Editor’s note: Idaho wheat checkoff dollars support the work of U.S. Wheat Associates (USW), the export market development organization for the U.S. wheat industry. USW promotes the reliability, quality, and value of all six U.S. wheat classes to wheat buyers, millers, bakers, food processors and government officials in more than 100 countries around the world.
There is an easily understood expression in English that “you cannot judge a book by its cover.” Applied to the recently harvested 2021/22 U.S. soft white wheat crop that is good advice for the world’s flour millers and wheat food producers.
The persistent Pacific Northwest (PNW) drought resulted in significantly lower yields and pushed 2021/22 average SW protein levels to 11.3 percent, compared to the five-year average of 9.7 percent. As a rule, low protein SW is desirable for many end-use products. As USW Bakery Consultant Roy Chung says, however, protein level alone does not say everything about soft white end-quality performance.

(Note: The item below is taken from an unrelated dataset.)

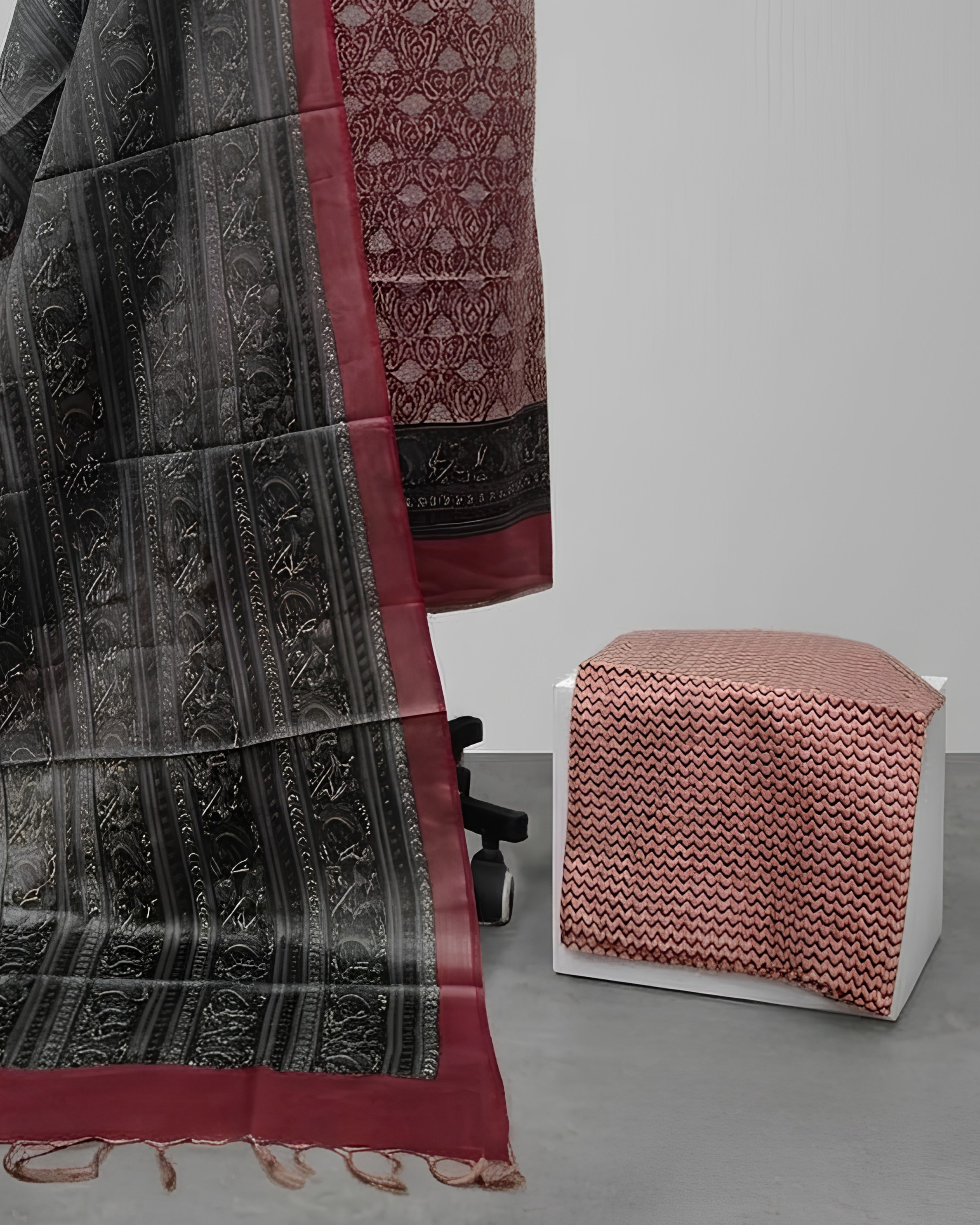 TISSUE SILK DIGITAL CHUDI SETS - MAROON WITH HALF BLACK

Instead, USW is helping flour millers learn that testing for Solvent Retention Capacity (SRC) is the most effective and valuable method for predicting the true performance characteristics of flour for biscuits (cookies) and crackers.
The SRC method, approved by the American Association of Cereal Chemists, examines the characteristics of glutenin, gliadin and arabinoxylan and the level of starch damage in flour. These values describe the flour’s ability to absorb water during the mixing process and its ability to retain or release that water during and after the baking process, among several other performance characteristics.
The combined pattern of the four component SRC values establishes a practical flour quality profile useful for predicting functionality, giving the miller and baker a ‘fingerprint’ of U.S. soft white (SW) and soft red winter (SRW) wheat flour end-quality performance.